Initially, we started looking for an attribution partner in that tag management hadn’t really gained steam two years ago. We had a homegrown tag management system, too. But, when we started looking for an attribution partner, it became clear that the integrations were going to require significant time and resources.

So, we paused and took a good look at what we needed and distilled it down to a tag management partner. It could get us a lot of what we wanted from an attribution partner while having the added benefit of speeding up the site, improving my ability to launch digital marketing programs and then freeing us up in the future to have access to the data so that we could use it in a variety of ways – not just with one attribution partner. We could also have the ability to tie it into our existing backend systems.
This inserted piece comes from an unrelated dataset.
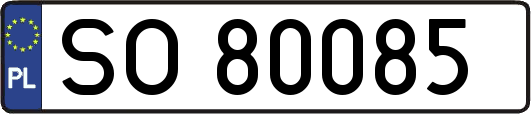 SO80085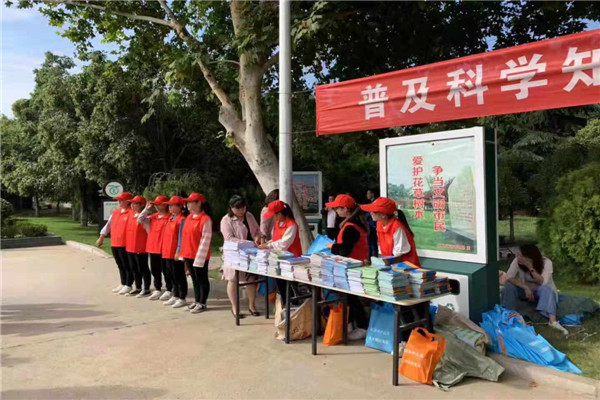 19秋智能制造班学生参加市科普活动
Why Tealium, in particular?

We evaluated four providers, and when we evaluated Tealium it became clear to me that their platform was built to scale at the enterprise level. The UI (user interface) was much more advanced without being too complicated. I felt like my business users could learn it and use it quickly, but it also was powerful enough that I felt we could do some really detailed things with how we managed our marketing partners with conditional firing rules and the ability to access the data so that we could do analytics on the backend. That was the primary reason we selected Tealium.

In terms of the way their architecture and their content delivery network was set up, we felt very confident that their system was going to be fast and it was going to stay up.

What are the success metrics you’re going to be looking at for your tag management investment?

The most basic success metric is, “Can we, as digital marketers, do our jobs?” Right now it is difficult and can be expensive to keep up with the ever-increasing need for digital programs to perform at scale. That’s success metric number one – being able to keep up with the pace of change in the marketing world.

Success metric number two will be my ability to leverage the platform to gain efficiencies in site speed and in management of my marketing partners. The most obvious example that we see is our affiliate network and how affiliates love to cookie users, and they go to great lengths to do that with many paid channels happening simultaneously. So, “How can I be sure that I am only paying the affiliates for the traffic that they truly send that closes a sale with us?”

That in itself is going to be a success metric that will pay for the platform. And then future success metrics will be my ability to leverage the DataCloud product to tie online to offline behavior. By combining our CRM systems and DataCloud, we’ll be able to link customers online to offline and evaluate the impact of our marketing programs on sales.